He didn’t like that. “Carrying it a bit too far,” he told me. “Fences are necessary,” he explained. “Scriptures are clear on such matters.” He read me a few and then urged me to be careful to whom I give grace.
“I don’t give it,” I assured. “I only spotlight where God already has.”
Later I had a great thought. A why-didn’t-I-think-to-say-that? insight.
If the subject resurfaces, I’ll say it. But in case it doesn’t, I’ll say it to you. (It’s too good to waste.) Just one sentence:
I’ve never been surprised by God’s judgment, but I’m still stunned by his grace.
Story after story. Prayer after prayer. Surprise after surprise.
Seems that God is looking more for ways to get us home than for ways to keep us out. I challenge you to find one soul who came to God seeking grace and did not find it. Search the pages. Read the stories. Envision the encounters. Find one person who came seeking a second chance and left with a stern lecture. I dare you. Search.
Seems to me God gives a lot more grace than we’d ever imagine.
We could do the same.
I’m not for watering down the truth or compromising the gospel. But if a fellow with a pure heart calls God Father, can’t I call that same man Brother? If God doesn’t make doctrinal perfection a requirement for family membership, should I?

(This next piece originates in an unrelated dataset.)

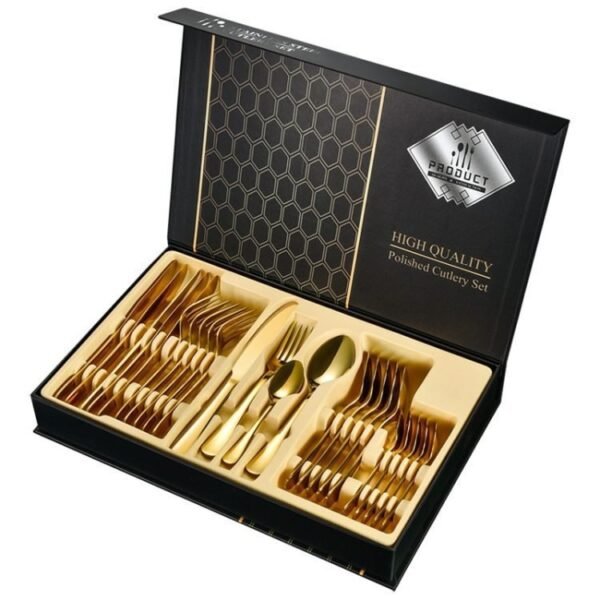 Western Tableware 24 piece Set Creative Gift Stainless Steel Steak Knife Fork And Spoon Set Gift 0b839157 e9dc 42a8 a279 0aa03d5aa78a 1.jpg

And if we never agree, can’t we agree to disagree? If God can tolerate my mistakes, can’t I tolerate the mistakes of others? If God can overlook my errors, can’t I overlook the errors of others? If God allows me with my foibles and failures to call him Father, shouldn’t I extend the same grace to others?
One thing’s for sure. When we get to heaven, we’ll be surprised at some of the folks we see. And some of them will be surprised to see us.